Newspaper article The Evening Standard (London, England)

The Music to a 90-Minute Film about Violence -- How Apt for a Match with Stoke

Newspaper article The Evening Standard (London, England)

The Music to a 90-Minute Film about Violence -- How Apt for a Match with Stoke

Article excerpt

Byline: Dan Jones

HERE'S an itch I've been meaning to scratch. About five minutes before kick-off at every league match at Emirates, you will hear a piece of music.

Right strings-heavy, it is. Dramatic, quite stirring and distinctively cinematic. Duh-duh, di-duh duh-duh, di-duh duh-duh ... I guess you'd probably have to hear it but you'd know it when you did.

The tune in question is called Lux Aeterna and it was composed by Clint Mansell. It gets used on Sky Sports with some regularity and when it does, some smart Alec sitting near your earhole is bound to point out that it is the Lord Of The Rings music.

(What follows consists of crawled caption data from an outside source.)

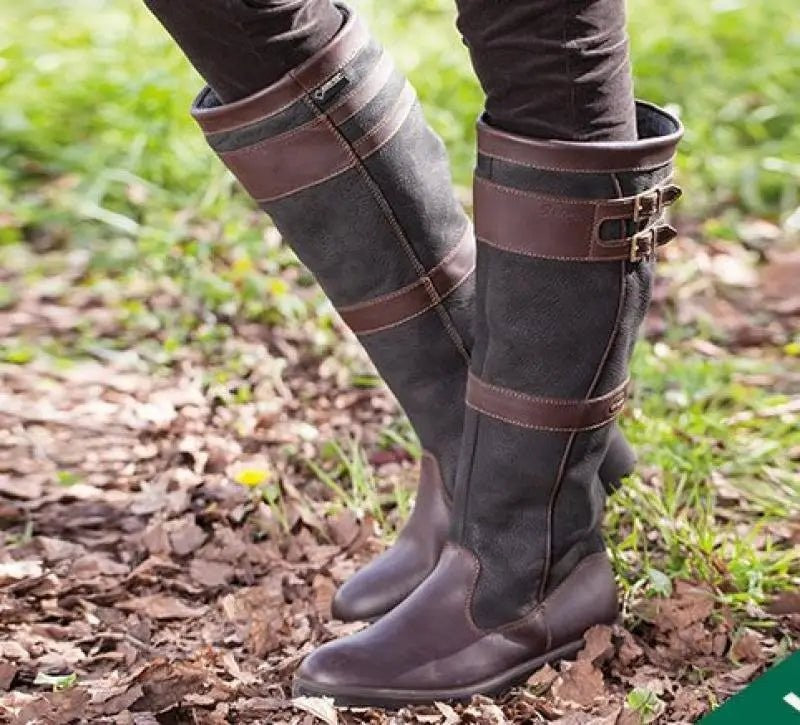Knee-high leather waterproof boots in black and brown with buckle straps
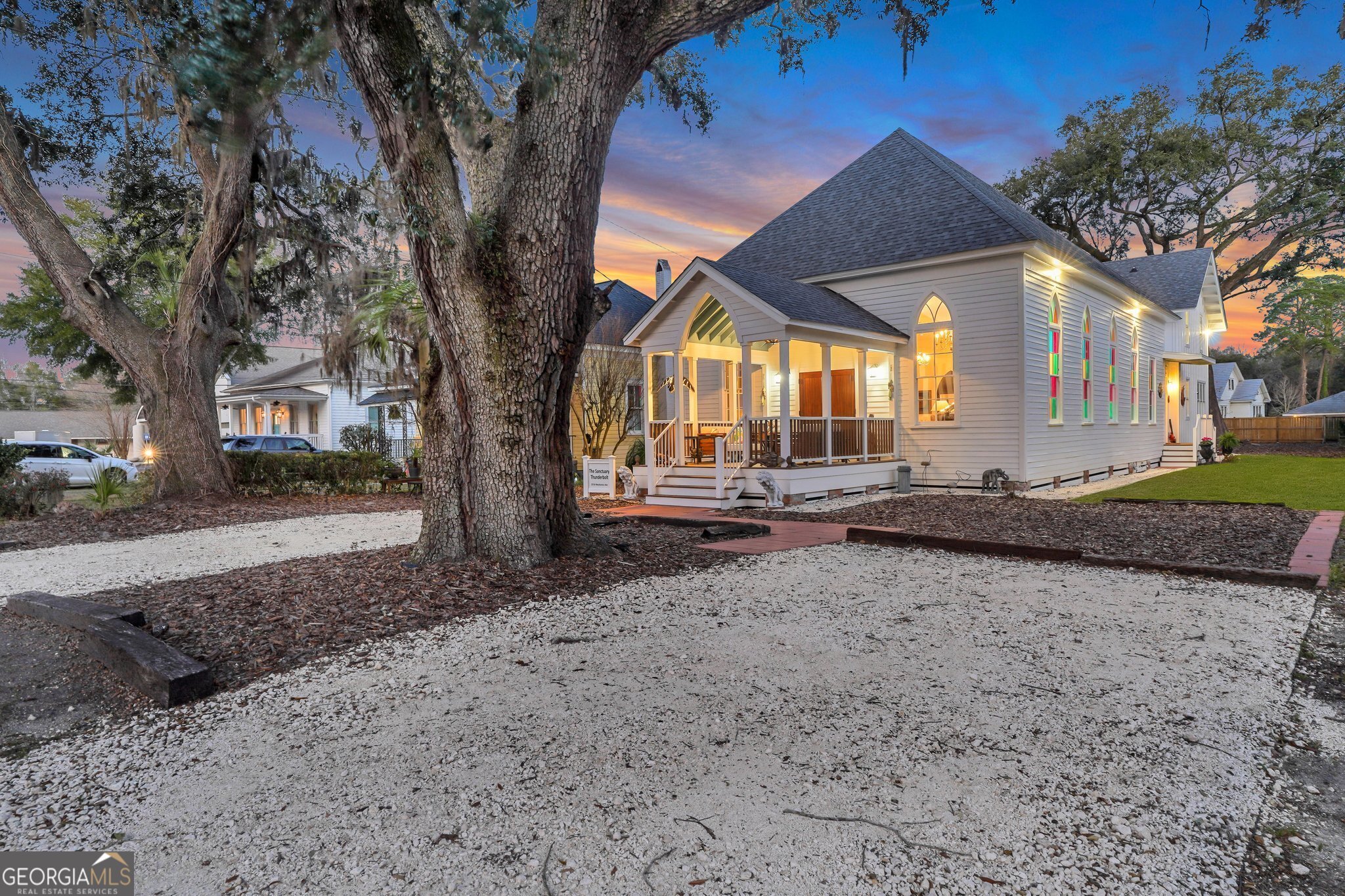 2716 Mechanics Avenue Thunderbolt, GA 31404 - Photo 1 of 50 a front view of a house with a yard
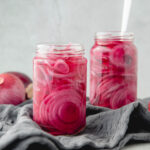 two jars filled with quick pickled red onions
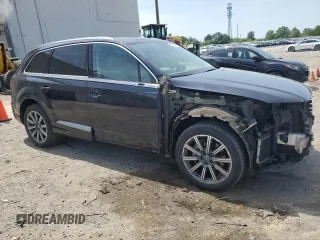 2017 Audi Q7 Premium Plus with VIN WA1LAAF7XHD033350, listed as a Copart auction lot 54946615 with 136,934 mi miles and Salvage Title. Bid and sale history available at DreamBid. Image 4.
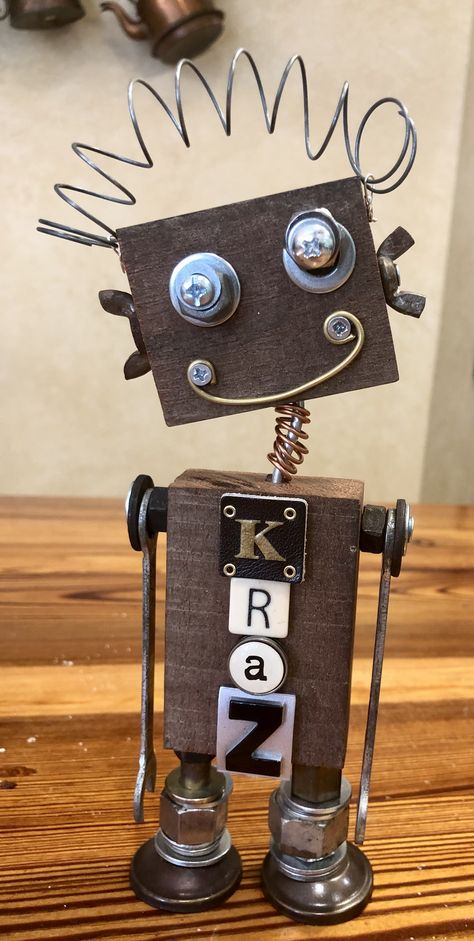 Junkbot Ideas, Kids Carpentry, Wood Robots, Metal Robots Junk Art, Scrap Wood Robots, Junk Bots Robots, Found Object Robot, Creepy Baby Dolls, Robot Craft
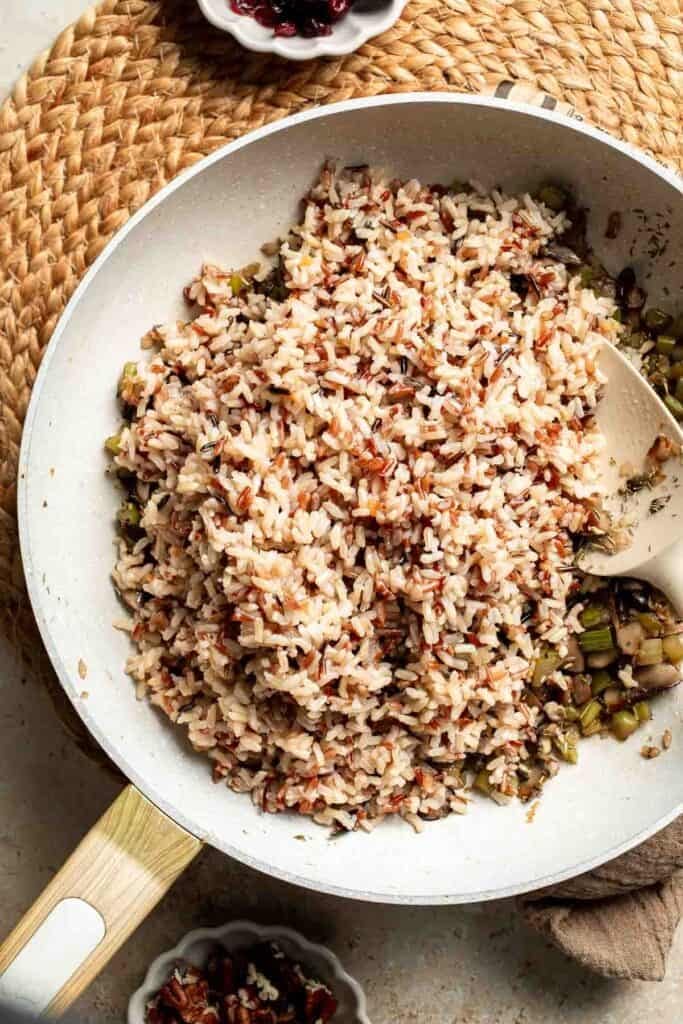 Cooked wild rice added to the skillet with the sautéed vegetables.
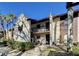 Two-story condo with a well-maintained landscape and walkway leading to the entrance at 3505 Tarpon Woods Blvd # I407, Palm Harbor, FL 34685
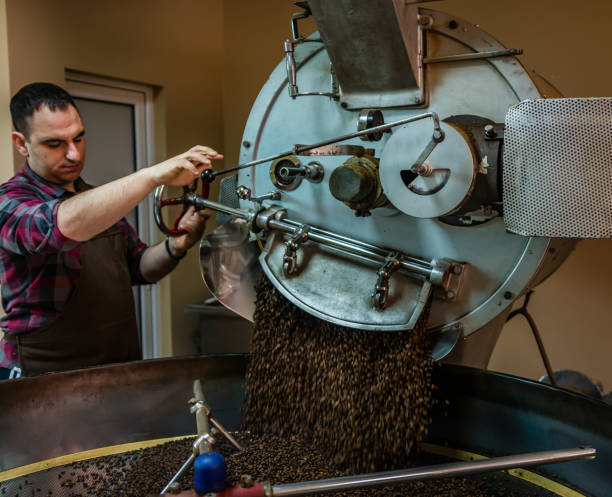 istock Coffee beans being poured out of a coffee roasting machine 948974118
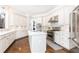 A beautifully updated kitchen with white cabinets, stainless steel appliances, and hardwood flooring at 825 Glengate Pl, Atlanta, GA 30328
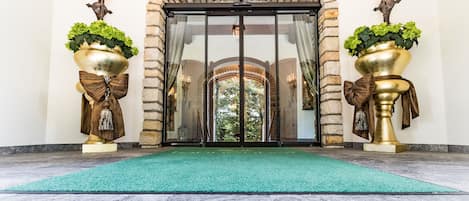 Ein Hotelzugang mit einem steinernen Bogen, einem grünen Teppich und zwei großen Goldvasen mit Pflanzen und Schleifen.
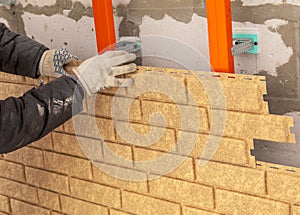 Installing brick siding on the wall of the house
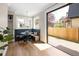Bright breakfast nook featuring a built-in bench, round table, and sliding glass doors to the outdoor deck at 1050 N Clarkson St, Denver, CO 80218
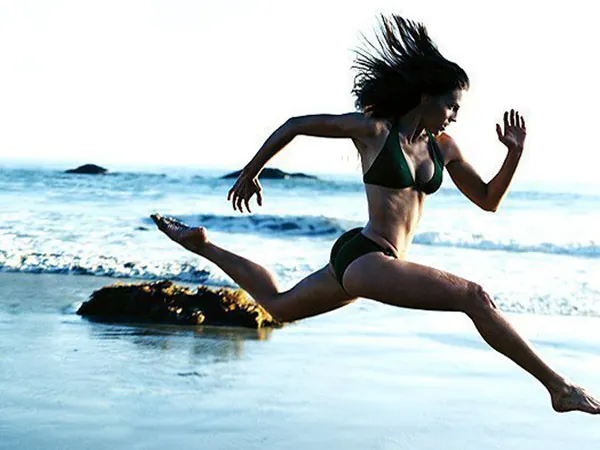 Woman in bikini jumping energetically over water near rocks.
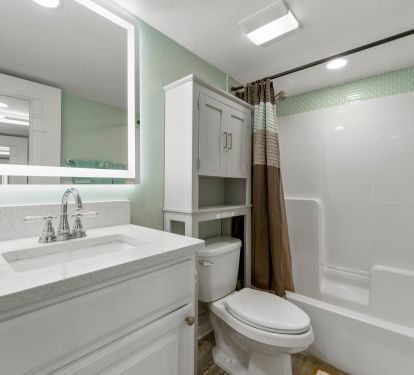 Bathroom with mirror with defogger.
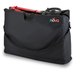 The Nova Extra-Large Carry & Travel Bag for Rollator Walkers & Transport Chairs, in black with a shoulder strap, is shown partially open to display a folded red walker inside. The colorful nova logo appears on the upper right corner.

It's actually the Requiem For A Dream music. Yes, they remixed it for LOTR, when the tree people attacked the orcs to save the goblin folk, or whatever. But it was written for Darren Aronofsky and if you listen carefully you can hear it all the way through his stark masterpiece, particularly around the bit where Jared Leto takes so much smack his arm falls off.

As you may glean from that spoiler, Requiem For A Dream is no romcom. In fact, it's rather a harrowing 90 minutes of bleakness, nihilism, violence and self-destruction. So in a sense, maybe it was worth playing the theme music before a match involving Stoke City. If ever a team made me want to literally cry my eyes out -- and I do mean literally, as in blubbing both bloodied, glutinous orbs splat onto the desk -- it was Stoke.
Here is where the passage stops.